══ EXTRACTED DATA ══

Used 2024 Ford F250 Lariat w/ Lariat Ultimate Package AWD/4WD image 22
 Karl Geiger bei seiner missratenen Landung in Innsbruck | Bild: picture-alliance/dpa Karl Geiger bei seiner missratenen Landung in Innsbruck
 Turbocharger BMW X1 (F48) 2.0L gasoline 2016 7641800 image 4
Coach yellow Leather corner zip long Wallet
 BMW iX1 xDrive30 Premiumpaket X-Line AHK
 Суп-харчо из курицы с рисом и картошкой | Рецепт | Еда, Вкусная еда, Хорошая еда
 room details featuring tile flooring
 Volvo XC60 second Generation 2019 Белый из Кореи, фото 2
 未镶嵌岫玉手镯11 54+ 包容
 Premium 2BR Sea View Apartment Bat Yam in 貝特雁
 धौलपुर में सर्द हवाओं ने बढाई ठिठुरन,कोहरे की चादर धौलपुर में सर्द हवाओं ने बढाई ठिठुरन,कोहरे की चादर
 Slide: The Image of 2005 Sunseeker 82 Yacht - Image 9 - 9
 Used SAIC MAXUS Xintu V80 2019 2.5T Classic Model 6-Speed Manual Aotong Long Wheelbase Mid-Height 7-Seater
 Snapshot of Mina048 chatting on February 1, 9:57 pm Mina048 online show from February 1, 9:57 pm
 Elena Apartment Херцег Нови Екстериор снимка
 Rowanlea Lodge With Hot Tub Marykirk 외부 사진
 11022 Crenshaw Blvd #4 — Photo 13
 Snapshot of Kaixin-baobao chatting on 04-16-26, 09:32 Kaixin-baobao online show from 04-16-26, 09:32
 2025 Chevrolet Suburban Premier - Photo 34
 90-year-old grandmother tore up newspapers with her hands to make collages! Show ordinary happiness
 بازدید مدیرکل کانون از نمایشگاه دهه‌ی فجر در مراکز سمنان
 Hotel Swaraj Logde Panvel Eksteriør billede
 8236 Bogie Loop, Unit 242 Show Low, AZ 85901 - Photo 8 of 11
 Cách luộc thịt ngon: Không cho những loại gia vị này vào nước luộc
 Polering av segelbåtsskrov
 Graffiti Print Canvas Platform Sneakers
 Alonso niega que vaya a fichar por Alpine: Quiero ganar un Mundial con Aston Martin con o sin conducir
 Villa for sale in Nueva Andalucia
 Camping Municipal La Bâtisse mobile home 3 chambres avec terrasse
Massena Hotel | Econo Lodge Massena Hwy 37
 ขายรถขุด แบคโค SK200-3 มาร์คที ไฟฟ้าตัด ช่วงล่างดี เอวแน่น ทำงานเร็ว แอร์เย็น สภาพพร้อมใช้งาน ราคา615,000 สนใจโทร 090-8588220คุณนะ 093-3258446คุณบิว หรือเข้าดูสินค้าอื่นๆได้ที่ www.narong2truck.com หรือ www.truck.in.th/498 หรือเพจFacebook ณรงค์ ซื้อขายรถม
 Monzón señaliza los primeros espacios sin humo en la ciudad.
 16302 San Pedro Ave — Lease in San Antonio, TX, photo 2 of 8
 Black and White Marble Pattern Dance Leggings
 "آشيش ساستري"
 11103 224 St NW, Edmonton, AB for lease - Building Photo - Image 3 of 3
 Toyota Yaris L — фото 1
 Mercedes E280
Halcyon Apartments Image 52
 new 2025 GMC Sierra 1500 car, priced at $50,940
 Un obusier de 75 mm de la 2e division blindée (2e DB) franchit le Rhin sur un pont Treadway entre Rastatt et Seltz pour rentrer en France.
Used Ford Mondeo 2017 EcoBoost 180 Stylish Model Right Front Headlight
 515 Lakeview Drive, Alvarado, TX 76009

═══

PROBLEM TO SOLVE ::
Your reply should be all of the data, returned exactly.

FINAL ANSWER ::
Used 2024 Ford F250 Lariat w/ Lariat Ultimate Package AWD/4WD image 22
 Karl Geiger bei seiner missratenen Landung in Innsbruck | Bild: picture-alliance/dpa Karl Geiger bei seiner missratenen Landung in Innsbruck
 Turbocharger BMW X1 (F48) 2.0L gasoline 2016 7641800 image 4
Coach yellow Leather corner zip long Wallet
 BMW iX1 xDrive30 Premiumpaket X-Line AHK
 Суп-харчо из курицы с рисом и картошкой | Рецепт | Еда, Вкусная еда, Хорошая еда
 room details featuring tile flooring
 Volvo XC60 second Generation 2019 Белый из Кореи, фото 2
 未镶嵌岫玉手镯11 54+ 包容
 Premium 2BR Sea View Apartment Bat Yam in 貝特雁
 धौलपुर में सर्द हवाओं ने बढाई ठिठुरन,कोहरे की चादर धौलपुर में सर्द हवाओं ने बढाई ठिठुरन,कोहरे की चादर
 Slide: The Image of 2005 Sunseeker 82 Yacht - Image 9 - 9
 Used SAIC MAXUS Xintu V80 2019 2.5T Classic Model 6-Speed Manual Aotong Long Wheelbase Mid-Height 7-Seater
 Snapshot of Mina048 chatting on February 1, 9:57 pm Mina048 online show from February 1, 9:57 pm
 Elena Apartment Херцег Нови Екстериор снимка
 Rowanlea Lodge With Hot Tub Marykirk 외부 사진
 11022 Crenshaw Blvd #4 — Photo 13
 Snapshot of Kaixin-baobao chatting on 04-16-26, 09:32 Kaixin-baobao online show from 04-16-26, 09:32
 2025 Chevrolet Suburban Premier - Photo 34
 90-year-old grandmother tore up newspapers with her hands to make collages! Show ordinary happiness
 بازدید مدیرکل کانون از نمایشگاه دهه‌ی فجر در مراکز سمنان
 Hotel Swaraj Logde Panvel Eksteriør billede
 8236 Bogie Loop, Unit 242 Show Low, AZ 85901 - Photo 8 of 11
 Cách luộc thịt ngon: Không cho những loại gia vị này vào nước luộc
 Polering av segelbåtsskrov
 Graffiti Print Canvas Platform Sneakers
 Alonso niega que vaya a fichar por Alpine: Quiero ganar un Mundial con Aston Martin con o sin conducir
 Villa for sale in Nueva Andalucia
 Camping Municipal La Bâtisse mobile home 3 chambres avec terrasse
Massena Hotel | Econo Lodge Massena Hwy 37
 ขายรถขุด แบคโค SK200-3 มาร์คที ไฟฟ้าตัด ช่วงล่างดี เอวแน่น ทำงานเร็ว แอร์เย็น สภาพพร้อมใช้งาน ราคา615,000 สนใจโทร 090-8588220คุณนะ 093-3258446คุณบิว หรือเข้าดูสินค้าอื่นๆได้ที่ www.narong2truck.com หรือ www.truck.in.th/498 หรือเพจFacebook ณรงค์ ซื้อขายรถม
 Monzón señaliza los primeros espacios sin humo en la ciudad.
 16302 San Pedro Ave — Lease in San Antonio, TX, photo 2 of 8
 Black and White Marble Pattern Dance Leggings
 "آشيش ساستري"
 11103 224 St NW, Edmonton, AB for lease - Building Photo - Image 3 of 3
 Toyota Yaris L — фото 1
 Mercedes E280
Halcyon Apartments Image 52
 new 2025 GMC Sierra 1500 car, priced at $50,940
 Un obusier de 75 mm de la 2e division blindée (2e DB) franchit le Rhin sur un pont Treadway entre Rastatt et Seltz pour rentrer en France.
Used Ford Mondeo 2017 EcoBoost 180 Stylish Model Right Front Headlight
 515 Lakeview Drive, Alvarado, TX 76009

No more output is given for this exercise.